I disagree with your statement that "The carriers are effectively admitting that they have capacity to burn" although I do see why it would look like that.
Mobile carriers, just like ADSL or cable providers, have massively oversubscribed their networks for the products they sell. They bank on users having a 'normal' pattern on behaviour that they can largely predict and don't, as some people on this thread rightfully point out, build for the heaviest use they expect to see. The extra capacity they 'sell' to the average users is simply a comfort blanket to stop these users worrying about what service to buy - whether that user is on limited or unlimited doesn't matter a jot as the situation is currently the same either way.

To a carrier/provider why build your network for the maximum (or even top 15%) of the traffic you'll see when you'll only see it occasionally on your network?

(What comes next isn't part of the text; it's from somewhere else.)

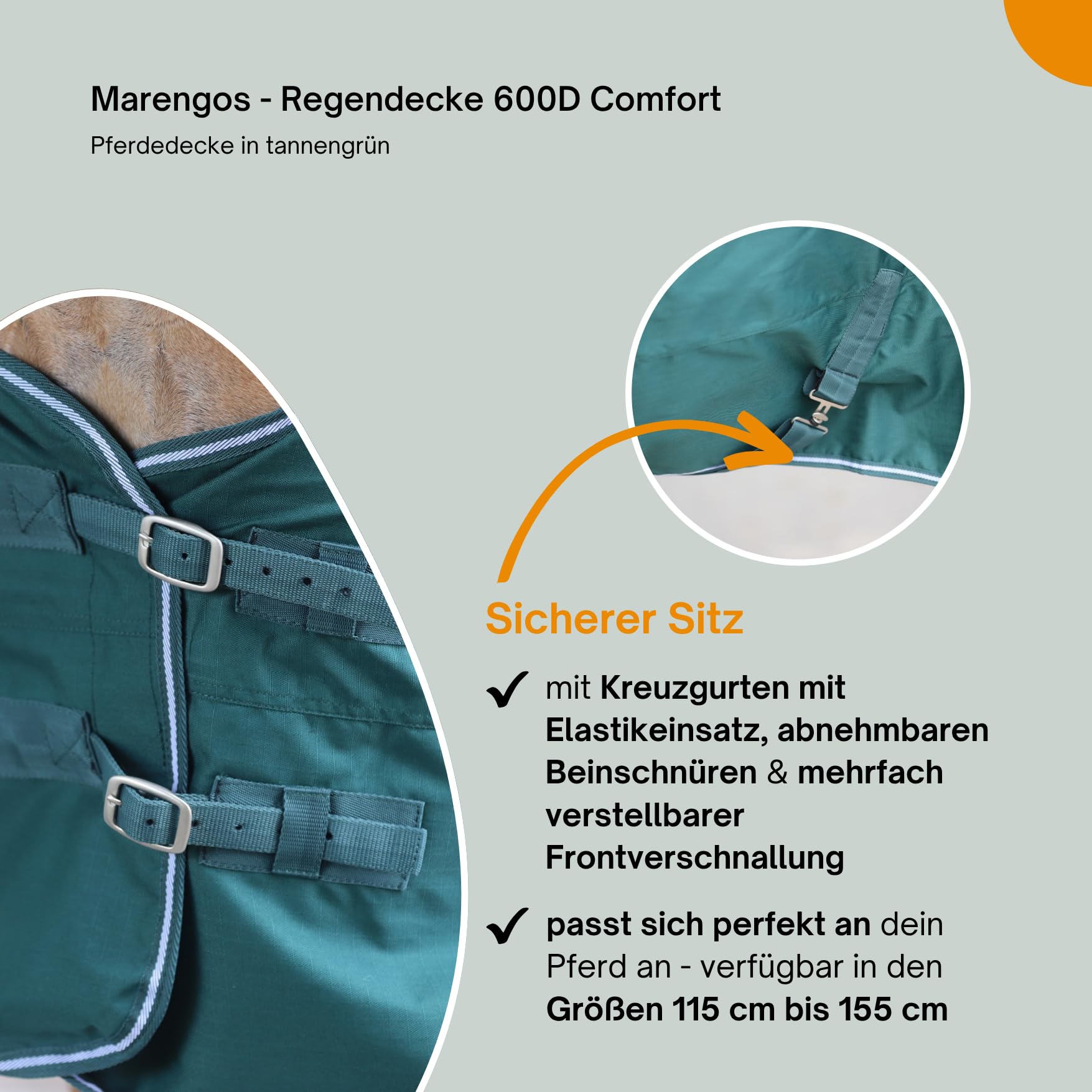 Marengos - Regendecke 600D Comfort – Pferdedecke mit Innenfutter – ideal als Weidedecke – wasserdicht & atmungsaktiv – mit Kreuzgurten, Gehfalten & Schweiflatz – Tannengrün – 165cm | Pferdedecke mit Innenfutter – ideal als Weidedecke – wasserdicht & atmun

It's far more profitable to build the network for the 'average users' and build a litle on for heavy users then just slow it all down during peak times, blaming the heavy users and pirates for why the service you paid for isn't being delivered at the levels you were promised.

ISPs and mobile carriers should be ashamed of themselves. they have failed to plan their capacities correctly and frequently fail to deliver the services the users are paying for in good faith. Even on limited data plans you suffer this issue and it's not the people on the unlimited data plans causing this problem.

For carriers to actually have the bandwidth they are selling they'd all have to limit all their users heavily and reduce the size of their user base. THAT would certainly stifle mobile innovation. As this would also stifle carrier profits there isn't a cat in hell's chance they'll do this (or, indeed, invest the right amount of cash in infrastructure to server their users effectively).